Это так старшее поколение нас учило. Ну, и с Кожиновым то же — повод я забыл, а его слова и тон помню. Он говорил подчеркнуто учительно (шел конец восьмидесятых годов). Ну, а что собственно? Он и был учителем. Считаем же мы учителем человека, не желавшего иметь иной истории России, кроме такой, что нам Бог дал. Напомню, что этот человек Пушкин.
* * *
В том, что нас спасало в войнах так неоднозначно — в четком смысле ныне вульгаризированного слова — обнаруживалось и действие почти слепой, но все-таки мощно жизненной силы. Как мне было не вслушиваться в слова Вадима Валериановича. Например, наша семья потерпела в 1944 году поражение (отец погиб) — а страна и народ победили. Клясть или оправдать? Второе справедливее, зачем же его не выбрать.
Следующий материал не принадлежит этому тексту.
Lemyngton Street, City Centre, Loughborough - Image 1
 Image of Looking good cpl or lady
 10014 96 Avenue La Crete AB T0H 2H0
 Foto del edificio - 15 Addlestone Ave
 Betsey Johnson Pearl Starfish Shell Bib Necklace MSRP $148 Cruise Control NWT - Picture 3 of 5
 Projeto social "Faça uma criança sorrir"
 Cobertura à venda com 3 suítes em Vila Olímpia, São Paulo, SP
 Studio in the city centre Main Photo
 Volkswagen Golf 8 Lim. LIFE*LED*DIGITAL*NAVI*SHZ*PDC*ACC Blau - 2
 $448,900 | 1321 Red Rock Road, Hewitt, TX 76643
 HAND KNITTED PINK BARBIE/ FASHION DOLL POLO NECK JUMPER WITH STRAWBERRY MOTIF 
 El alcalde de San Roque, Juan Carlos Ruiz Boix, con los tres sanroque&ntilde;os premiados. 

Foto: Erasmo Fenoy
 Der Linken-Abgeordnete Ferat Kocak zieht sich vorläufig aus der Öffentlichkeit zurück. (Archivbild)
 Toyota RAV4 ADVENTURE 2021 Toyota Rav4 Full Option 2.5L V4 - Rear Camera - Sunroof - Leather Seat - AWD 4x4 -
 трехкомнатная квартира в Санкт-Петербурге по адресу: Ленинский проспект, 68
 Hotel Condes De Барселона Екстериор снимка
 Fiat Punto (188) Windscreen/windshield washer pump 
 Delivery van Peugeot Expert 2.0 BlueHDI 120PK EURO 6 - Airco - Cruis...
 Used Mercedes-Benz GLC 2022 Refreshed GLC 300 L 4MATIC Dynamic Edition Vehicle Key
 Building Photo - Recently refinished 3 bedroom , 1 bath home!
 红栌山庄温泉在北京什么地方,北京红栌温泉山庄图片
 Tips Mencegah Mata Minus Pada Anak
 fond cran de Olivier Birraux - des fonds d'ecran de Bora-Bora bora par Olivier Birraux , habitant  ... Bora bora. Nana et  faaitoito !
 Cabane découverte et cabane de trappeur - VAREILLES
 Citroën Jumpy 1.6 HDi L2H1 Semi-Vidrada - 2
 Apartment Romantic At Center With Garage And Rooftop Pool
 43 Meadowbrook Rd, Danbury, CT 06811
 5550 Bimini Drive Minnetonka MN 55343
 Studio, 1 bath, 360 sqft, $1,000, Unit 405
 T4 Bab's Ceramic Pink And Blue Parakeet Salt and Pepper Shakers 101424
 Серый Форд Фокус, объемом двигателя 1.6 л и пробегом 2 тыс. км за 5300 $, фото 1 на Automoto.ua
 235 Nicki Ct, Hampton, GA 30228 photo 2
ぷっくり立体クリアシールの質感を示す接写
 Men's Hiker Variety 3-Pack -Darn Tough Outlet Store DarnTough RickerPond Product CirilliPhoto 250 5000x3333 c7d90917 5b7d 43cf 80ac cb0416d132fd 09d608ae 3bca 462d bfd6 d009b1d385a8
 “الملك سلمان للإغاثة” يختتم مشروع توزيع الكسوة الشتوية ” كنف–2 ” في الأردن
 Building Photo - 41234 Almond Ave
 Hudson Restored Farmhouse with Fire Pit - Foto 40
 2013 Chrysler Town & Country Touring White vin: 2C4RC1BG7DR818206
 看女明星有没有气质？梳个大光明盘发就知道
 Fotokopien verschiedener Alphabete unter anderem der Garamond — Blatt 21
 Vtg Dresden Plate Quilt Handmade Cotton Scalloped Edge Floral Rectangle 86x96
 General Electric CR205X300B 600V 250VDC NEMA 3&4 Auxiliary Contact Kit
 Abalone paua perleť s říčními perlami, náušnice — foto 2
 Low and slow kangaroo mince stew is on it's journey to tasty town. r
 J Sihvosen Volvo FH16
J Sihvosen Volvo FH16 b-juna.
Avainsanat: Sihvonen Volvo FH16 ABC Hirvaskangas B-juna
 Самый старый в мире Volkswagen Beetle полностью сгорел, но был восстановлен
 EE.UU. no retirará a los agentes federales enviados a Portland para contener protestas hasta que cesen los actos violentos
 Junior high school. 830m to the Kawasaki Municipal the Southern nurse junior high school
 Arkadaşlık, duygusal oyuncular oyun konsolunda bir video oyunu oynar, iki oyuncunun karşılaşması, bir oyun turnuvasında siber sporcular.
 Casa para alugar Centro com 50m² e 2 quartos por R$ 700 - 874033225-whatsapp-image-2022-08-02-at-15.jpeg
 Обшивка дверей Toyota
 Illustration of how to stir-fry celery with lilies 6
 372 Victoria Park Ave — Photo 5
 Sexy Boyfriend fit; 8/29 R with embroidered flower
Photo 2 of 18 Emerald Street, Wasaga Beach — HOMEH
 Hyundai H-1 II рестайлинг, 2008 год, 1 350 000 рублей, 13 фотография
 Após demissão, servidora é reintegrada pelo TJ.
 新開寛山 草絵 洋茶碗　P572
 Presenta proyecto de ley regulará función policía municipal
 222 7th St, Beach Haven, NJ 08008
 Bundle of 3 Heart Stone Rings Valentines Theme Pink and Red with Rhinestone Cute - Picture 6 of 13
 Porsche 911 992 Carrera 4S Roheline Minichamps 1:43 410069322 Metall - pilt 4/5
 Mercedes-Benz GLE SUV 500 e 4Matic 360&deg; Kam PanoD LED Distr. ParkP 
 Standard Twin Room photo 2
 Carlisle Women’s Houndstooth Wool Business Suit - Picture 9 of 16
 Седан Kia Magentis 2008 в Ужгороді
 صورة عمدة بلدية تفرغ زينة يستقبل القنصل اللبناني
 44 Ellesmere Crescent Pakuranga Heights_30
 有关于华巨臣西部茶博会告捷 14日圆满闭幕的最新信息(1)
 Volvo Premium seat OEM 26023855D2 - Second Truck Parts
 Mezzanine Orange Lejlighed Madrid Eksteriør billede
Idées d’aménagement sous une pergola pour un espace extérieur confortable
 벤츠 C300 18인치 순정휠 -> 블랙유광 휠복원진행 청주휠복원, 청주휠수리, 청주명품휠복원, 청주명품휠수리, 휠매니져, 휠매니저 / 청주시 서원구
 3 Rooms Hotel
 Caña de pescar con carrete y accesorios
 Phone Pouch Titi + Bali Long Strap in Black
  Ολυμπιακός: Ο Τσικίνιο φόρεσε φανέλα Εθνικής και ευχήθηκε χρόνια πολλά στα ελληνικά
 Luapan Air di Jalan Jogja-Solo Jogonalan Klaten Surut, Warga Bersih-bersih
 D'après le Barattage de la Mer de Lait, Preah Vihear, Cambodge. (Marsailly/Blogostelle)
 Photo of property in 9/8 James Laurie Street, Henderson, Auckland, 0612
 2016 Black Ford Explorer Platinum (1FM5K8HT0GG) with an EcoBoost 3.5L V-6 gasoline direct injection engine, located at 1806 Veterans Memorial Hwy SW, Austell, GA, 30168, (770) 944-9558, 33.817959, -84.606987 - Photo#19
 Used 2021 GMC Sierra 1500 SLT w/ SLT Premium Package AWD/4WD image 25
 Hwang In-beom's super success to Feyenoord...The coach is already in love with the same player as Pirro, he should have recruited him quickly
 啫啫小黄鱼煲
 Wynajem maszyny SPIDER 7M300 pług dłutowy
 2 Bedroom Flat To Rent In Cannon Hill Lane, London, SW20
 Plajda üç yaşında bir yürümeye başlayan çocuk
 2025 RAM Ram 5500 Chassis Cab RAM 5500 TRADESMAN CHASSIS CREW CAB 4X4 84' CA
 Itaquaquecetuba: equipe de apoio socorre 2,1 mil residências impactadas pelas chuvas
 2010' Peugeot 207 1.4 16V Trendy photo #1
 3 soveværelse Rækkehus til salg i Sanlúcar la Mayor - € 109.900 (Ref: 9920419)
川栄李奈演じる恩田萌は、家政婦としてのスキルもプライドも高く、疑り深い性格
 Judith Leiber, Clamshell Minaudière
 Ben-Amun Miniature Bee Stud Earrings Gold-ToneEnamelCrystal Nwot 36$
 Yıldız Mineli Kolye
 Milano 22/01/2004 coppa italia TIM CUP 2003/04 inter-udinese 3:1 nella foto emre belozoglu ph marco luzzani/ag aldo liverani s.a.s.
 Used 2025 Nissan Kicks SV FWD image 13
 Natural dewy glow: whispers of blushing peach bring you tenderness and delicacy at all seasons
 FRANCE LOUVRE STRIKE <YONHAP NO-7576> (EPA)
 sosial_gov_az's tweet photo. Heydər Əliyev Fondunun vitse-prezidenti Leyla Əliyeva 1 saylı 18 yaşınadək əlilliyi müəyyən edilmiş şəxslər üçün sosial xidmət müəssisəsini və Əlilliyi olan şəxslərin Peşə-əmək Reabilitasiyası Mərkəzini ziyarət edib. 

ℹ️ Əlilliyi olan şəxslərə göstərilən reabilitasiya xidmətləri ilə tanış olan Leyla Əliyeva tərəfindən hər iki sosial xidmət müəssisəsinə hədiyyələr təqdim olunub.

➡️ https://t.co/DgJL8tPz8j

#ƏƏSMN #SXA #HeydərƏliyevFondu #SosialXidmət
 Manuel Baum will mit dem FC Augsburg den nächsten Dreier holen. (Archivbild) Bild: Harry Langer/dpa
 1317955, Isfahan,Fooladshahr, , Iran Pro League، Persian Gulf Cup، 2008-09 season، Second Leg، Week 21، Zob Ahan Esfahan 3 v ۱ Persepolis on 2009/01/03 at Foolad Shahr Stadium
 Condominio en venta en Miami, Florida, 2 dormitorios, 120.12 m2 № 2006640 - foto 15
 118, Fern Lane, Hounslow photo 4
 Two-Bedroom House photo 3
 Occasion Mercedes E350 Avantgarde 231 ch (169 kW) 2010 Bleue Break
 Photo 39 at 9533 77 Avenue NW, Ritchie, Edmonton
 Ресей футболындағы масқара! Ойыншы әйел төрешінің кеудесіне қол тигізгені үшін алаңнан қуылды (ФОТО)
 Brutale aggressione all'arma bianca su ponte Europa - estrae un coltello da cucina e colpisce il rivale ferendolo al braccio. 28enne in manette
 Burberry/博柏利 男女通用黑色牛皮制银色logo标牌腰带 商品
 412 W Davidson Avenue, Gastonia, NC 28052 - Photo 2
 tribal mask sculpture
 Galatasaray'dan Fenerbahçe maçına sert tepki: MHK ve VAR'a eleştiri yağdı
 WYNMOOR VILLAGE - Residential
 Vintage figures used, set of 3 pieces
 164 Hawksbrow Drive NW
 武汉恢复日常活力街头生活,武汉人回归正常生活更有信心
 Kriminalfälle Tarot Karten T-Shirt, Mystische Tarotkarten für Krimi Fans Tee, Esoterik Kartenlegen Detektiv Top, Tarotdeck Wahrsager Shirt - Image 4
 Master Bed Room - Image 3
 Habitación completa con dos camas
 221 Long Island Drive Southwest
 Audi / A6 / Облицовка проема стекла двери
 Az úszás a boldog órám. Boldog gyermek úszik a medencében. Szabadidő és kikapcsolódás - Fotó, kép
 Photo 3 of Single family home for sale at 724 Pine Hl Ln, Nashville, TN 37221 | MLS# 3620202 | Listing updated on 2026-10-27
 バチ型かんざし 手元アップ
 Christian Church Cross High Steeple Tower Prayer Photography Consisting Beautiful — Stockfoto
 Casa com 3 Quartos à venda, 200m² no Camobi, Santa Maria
Хотя, естественно, кожиновские уроки было трудно воспринимать тем, кого с детства приучили злобствовать.
Без злобы, однако, погибли те, кто и ушел погибать — согласно высокому закону, “за други своя”. Немало блестящих строк посвятил В. В. Кожинов различию между действительно несхожими личностями, между несхожими национальными и художественными типами на войне.
Тут оказывались с одной стороны комсомольские сверхчеловеки-глобалисты:
Чтоб от Японии до Англии
Сияла родина моя —
либо, как говорил старший писатель-коммунист Константин (Кирилл) Михайлович Симонов,
Генерал упрям: он до Мадрида
Все равно когда-нибудь дойдет...
и т. п. (Цитирую по памяти; а это, может, и не совсем так, но в целом одинаково было и у “ифлийцев”, и у “Булата Шалвовича”, и многих еще “суровых и страстных мужчин на серьезной, неженской войне”. У женщин же их в доме, естественно, “пахло воровством” — каким-то совершенно нерусским.) Это один тип, и принадлежавшие к нему почему-то очень часто и очень сильно даже лицами походили друг на друга. С другой стороны стояли поэты из нашего простейшего и коренного рабоче-крестьянства — фронтовики из толщи народа, из бессмертных непритязательных Иванов Африкановичей, совершенно без коминтерновщины и гемингвеевщины. Я бы сам разграничил это совершенно попросту: поэзия гитары и поэзия гармони-балалайки. Что было более подлинно, более народно, более спасительно и более художественно?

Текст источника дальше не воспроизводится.